The Gathering and Processing segment consists of (1) the WestOK, WestTX and Velma operations, which are comprised of natural gas gathering and processing assets servicing drilling activity in the Anadarko and Permian Basins, and which were formerly included within the previous Mid-Continent segment; (2) the natural gas gathering assets located in Tennessee, which were formerly included in the previous Appalachia segment; and (3) the revenues and gain on sale related to our 49% interest in Laurel Mountain, which were formerly included in the previous Appalachia segment. Gathering and Processing revenues are primarily derived from the sale of residue gas and NGLs and gathering and processing of natural gas.

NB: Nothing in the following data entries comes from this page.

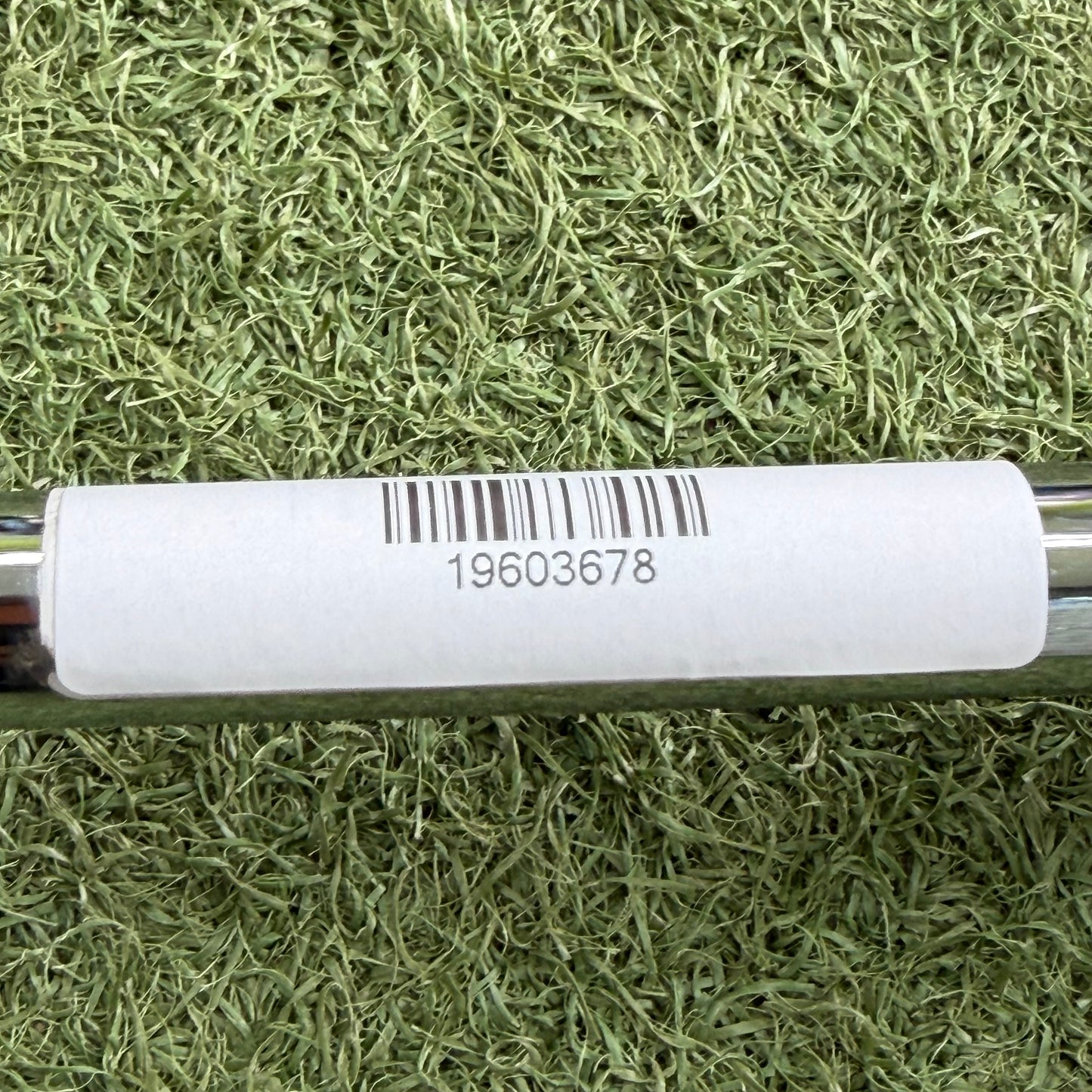 Odyssey Ai-One Square 2 Square Jailbird Putter / 33 Inch - Pre Owned Golf 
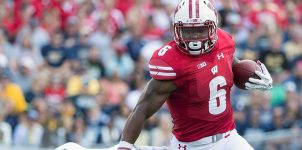 BYU at Wisconsin College Football Week 3 Lines & Prediction.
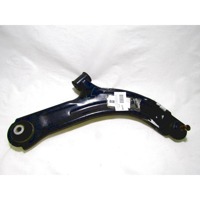 SPREDNJA LEVA ROKA  OEM N. 54501BC42A ORIGINAL REZERVNI DEL NISSAN MICRA K12 K12E MK3 (2002 - 2010) DIESEL LETNIK 2003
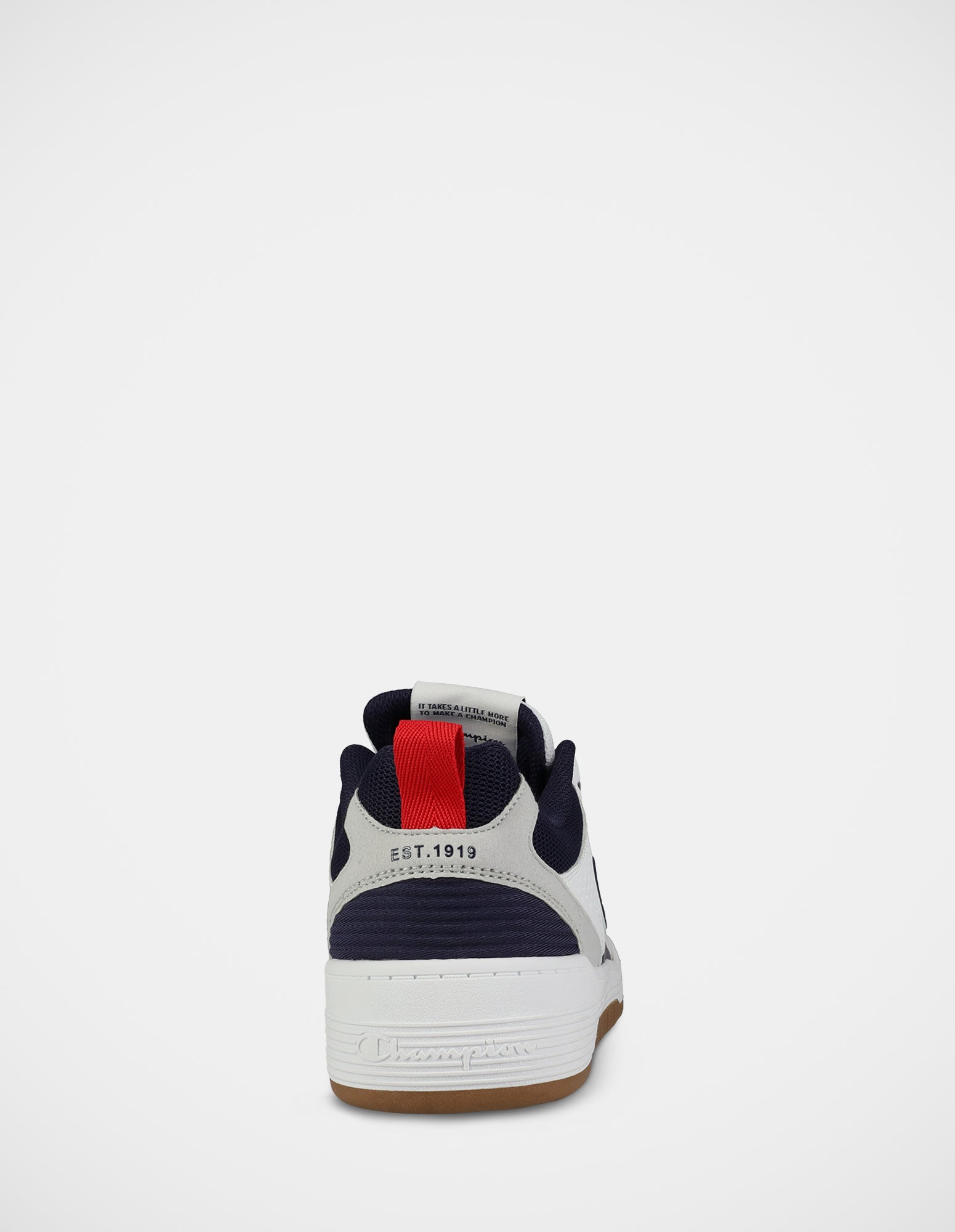 Heritage Drive Lo Wht/Peacoat/G.gray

Our Gathering and Processing operations, own, have interests in and operate seven natural gas processing plants with aggregate capacity of approximately 610 MMCFD, which are connected to approximately 9,000 miles of active natural gas gathering systems located in Oklahoma, Kansas and Texas. In addition, we own and operate approximately 100 miles of active natural gas gathering systems located in Tennessee. Our gathering systems gather gas from wells and central delivery points and deliver to natural gas processing plants, as well as third-party pipelines.
36
Our Pipeline Transportation operations consist of a 20% interest in WTLPG, which owns a common-carrier pipeline system that transports NGLs from New Mexico and Texas to Mont Belvieu, Texas for fractionation. WTLPG is operated by Chevron Pipeline Company, an affiliate of Chevron Corporation, a Delaware corporation (Chevron NYSE: CVX), which owns the remaining 80% interest.
Recent Events
In February 2012, we acquired a gas gathering system and related assets, within our WestOK system, for an initial net purchase price of $19.0 million. We agreed to pay up to an additional $12.0 million, payable in two equal amounts, if certain volumes are achieved on the acquired gathering system within a specified time period. In connection with this acquisition, we received assignment of gas purchase agreements for gas currently gathered on the acquired system. We accounted for the acquisition as a business combination.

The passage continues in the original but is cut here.